Как нарочно Германия прославилась тогда знаменитейшими писателями, Шиллером, Гёте, Виландом, которые далеко за собой оставили предшественников своих и в литературной вере должны были произвести переворот. Ими воспламенялся наш Жуковский. Я помню, как, возвратившись из Геттингенского университета, друг его, Александр Тургенев, сын и брат известных и сам довольно известный, посетил мое скромное жилище. У меня на сосновых выкрашенных полочках стояло несколько Французских классиков дешевого стереотипного издания, которых тогдашние скудные средства мои дозволяли мне покупать. С презрительною улыбкою воскликнул он: “Что это такое? А! Расин и Буало, Волтер и Лагарп, ха-ха-ха!” У него же шкапы наполнялись фолиантами в пожелтевших пергаментных переплетах, в которые никогда он не заглядывал, но которые показывали Немецкую его ученость. Я не думал тогда, чтобы сами Французы, неблагодарные, сумасбродные, бешеные, принялись бы когда либо истреблять литературную славу свою.
Прочитал ли ты, любезный друг, в последних номерах Москвитянина любопытный дневник студента, писанный в 1805 и 1806 годах?) Не знаю, можно ли умнее, забавнее и вернее изобразить тогдашнее состояние Москвы. Любо читать то, что пишет он о широком, роскошном и вместе неприхотливом и не разорительном житье последних бояр. В тоже время с каким подобострастием говорит он о Немцах, об их уме и знании! Как о важном деле толкует он о прибытии из Петербурга Немецкой труппы, на представления которой из порядочных людей там никто не ездил, а в которой Москвичи увидели ниспосланную им благодать. Все драматические творения Коцебу сполна были здесь переведены на Русский язык, и ими наводнена была здесь Русская сцена, тогда как в Петербурге только Немцы изредка играли их, и они там прозваны были Коцебятиной.
Не знаю полно, осуждать ли мне Москву за её пристрастие к Немецкому. Может быть, оно до некоторой степени предохранило ее от другого постыдного пристрастия ко всему Французскому. Оно господствовало в Петербурге, особенно в высшем обществе. Только и тогда случалось мне слышать, как знатные господа и дамы, коверкая Русский язык, превозносили его благозвучие, его сладкозвучие.
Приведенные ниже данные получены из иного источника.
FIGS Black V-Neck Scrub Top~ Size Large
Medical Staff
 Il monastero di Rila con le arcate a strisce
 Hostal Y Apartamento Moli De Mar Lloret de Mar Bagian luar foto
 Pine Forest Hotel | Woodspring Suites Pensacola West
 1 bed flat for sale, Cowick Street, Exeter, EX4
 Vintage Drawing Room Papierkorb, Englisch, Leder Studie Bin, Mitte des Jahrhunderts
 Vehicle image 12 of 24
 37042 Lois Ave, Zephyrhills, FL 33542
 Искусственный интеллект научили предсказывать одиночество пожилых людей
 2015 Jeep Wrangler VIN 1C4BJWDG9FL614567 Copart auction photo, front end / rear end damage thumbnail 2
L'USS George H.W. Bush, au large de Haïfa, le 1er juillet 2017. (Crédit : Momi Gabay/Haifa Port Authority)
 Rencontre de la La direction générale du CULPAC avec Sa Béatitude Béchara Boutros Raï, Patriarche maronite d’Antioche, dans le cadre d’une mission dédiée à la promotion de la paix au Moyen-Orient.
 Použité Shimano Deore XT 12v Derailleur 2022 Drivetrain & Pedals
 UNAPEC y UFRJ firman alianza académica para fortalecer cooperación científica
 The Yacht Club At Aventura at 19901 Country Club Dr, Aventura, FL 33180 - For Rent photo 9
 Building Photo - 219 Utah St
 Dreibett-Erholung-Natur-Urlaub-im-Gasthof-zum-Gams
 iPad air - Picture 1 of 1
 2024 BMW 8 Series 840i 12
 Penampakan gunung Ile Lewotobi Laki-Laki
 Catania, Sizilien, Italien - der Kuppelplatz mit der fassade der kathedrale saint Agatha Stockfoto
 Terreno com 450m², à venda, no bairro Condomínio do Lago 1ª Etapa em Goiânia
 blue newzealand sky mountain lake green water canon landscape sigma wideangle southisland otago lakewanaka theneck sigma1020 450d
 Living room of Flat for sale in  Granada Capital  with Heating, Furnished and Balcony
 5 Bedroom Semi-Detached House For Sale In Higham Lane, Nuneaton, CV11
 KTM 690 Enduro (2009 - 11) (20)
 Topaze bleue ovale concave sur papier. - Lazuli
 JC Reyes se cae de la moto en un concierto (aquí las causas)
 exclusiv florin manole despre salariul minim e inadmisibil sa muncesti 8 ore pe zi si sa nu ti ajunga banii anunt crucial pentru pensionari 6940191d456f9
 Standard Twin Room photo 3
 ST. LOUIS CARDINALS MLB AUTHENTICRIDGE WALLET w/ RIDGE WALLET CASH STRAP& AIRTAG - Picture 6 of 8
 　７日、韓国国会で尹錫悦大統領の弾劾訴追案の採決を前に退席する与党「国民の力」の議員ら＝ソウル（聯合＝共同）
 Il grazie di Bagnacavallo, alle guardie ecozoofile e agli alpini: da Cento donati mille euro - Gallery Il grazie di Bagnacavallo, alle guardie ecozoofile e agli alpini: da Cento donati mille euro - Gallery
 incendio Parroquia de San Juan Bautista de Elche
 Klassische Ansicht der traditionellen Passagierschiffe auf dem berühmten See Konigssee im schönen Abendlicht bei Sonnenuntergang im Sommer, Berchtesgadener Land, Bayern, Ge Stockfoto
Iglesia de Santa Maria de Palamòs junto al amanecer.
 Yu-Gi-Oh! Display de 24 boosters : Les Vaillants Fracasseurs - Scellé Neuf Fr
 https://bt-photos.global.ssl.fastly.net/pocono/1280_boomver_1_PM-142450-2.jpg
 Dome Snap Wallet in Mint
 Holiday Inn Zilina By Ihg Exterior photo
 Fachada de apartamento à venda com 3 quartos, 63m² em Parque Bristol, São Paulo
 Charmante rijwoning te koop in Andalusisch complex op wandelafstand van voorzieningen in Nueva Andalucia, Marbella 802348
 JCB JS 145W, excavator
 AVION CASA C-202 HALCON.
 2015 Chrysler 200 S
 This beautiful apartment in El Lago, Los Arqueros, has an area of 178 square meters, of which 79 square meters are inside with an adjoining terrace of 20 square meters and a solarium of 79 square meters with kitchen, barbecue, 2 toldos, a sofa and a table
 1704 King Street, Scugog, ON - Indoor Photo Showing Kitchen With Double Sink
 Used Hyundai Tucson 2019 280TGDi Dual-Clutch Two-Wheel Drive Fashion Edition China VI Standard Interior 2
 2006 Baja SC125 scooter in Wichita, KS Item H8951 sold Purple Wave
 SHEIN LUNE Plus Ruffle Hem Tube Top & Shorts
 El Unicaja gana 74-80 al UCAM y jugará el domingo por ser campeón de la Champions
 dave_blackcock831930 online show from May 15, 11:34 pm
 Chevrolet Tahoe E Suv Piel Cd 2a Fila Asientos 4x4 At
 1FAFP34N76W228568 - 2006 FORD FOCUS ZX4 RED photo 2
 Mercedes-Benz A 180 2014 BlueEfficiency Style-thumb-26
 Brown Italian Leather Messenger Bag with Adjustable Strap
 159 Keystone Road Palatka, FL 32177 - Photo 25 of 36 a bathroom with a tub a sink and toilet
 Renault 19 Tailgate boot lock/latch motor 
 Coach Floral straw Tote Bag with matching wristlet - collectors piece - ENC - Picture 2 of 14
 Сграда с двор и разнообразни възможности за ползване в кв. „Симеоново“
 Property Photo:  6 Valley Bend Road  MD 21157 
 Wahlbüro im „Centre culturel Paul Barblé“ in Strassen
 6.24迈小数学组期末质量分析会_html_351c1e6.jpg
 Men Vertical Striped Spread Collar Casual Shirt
Петербург стоит лицом к лицу с Европой и прямо смотрит ей в глаза. В нем все, довольные или недовольные правительством, судят одинаково о заграничных делах. Обиды, наносимые ему, то есть самой России, державами или народами, почитают они собственными и без равнодушия, без робости готовы вступиться за народную честь нашу. До 1812 года или, лучше сказать, до 1815 года, был у нас один только обидчик, Наполеон. Я помню, как, с беспокойством, исполненным однако же решимости и достоинства, смотрели там на приближение последней окончательной с ним борьбы. Москва же веселилась и сохраняла свою беспечность до самого того дня, в который он ворвался в наши границы. Тогда она вдруг взволновалась, отчасти, может быть, возбуждаемая тугендбундом, страждущими заграничными братиями. Четверо из богатых, молодых, великодушных бояр и все купечество вообще сделали великие, сильные пожертвования; простой народ просто готовился за родину положить свой живот. И в Москве был тогда один и только один до исступления влюбленный в свою Россию, Сергей Глинка, предмет постоянных насмешек просвещенного в ней класса; в страшную же для нея годину несколько времени был он в ней честим. Я был тогда в провинции и видел многих бежавших из Москвы. Конечно не все, но некоторые из них показались мне и гадки, и жалки. Одни с досадой обвиняли правительство, зачем оно, допустив врага до древней столицы, не пало к его ногам и не вымолило мира, на каких бы условиях ему ни угодно было предписать его; другие проклинали Ростопчина за то, что он не вышел к Наполеону с хлебом и солью и не предложил контрибуции; за сгоревшие дома свои дали бы они выкупу, сколько бы потребовалось. Было даже двое мерзавцев, которые, с приметным удовольствием, вычитывали неприятельские силы, умножали их и доказывали невозможность им сопротивляться. Один Московский писатель Ш. встретил у себя Французов приветственною речью на плохом Французском языке; за то был он раздет, разут, ограблен и высечен ими и едва успел спастись от них бегством.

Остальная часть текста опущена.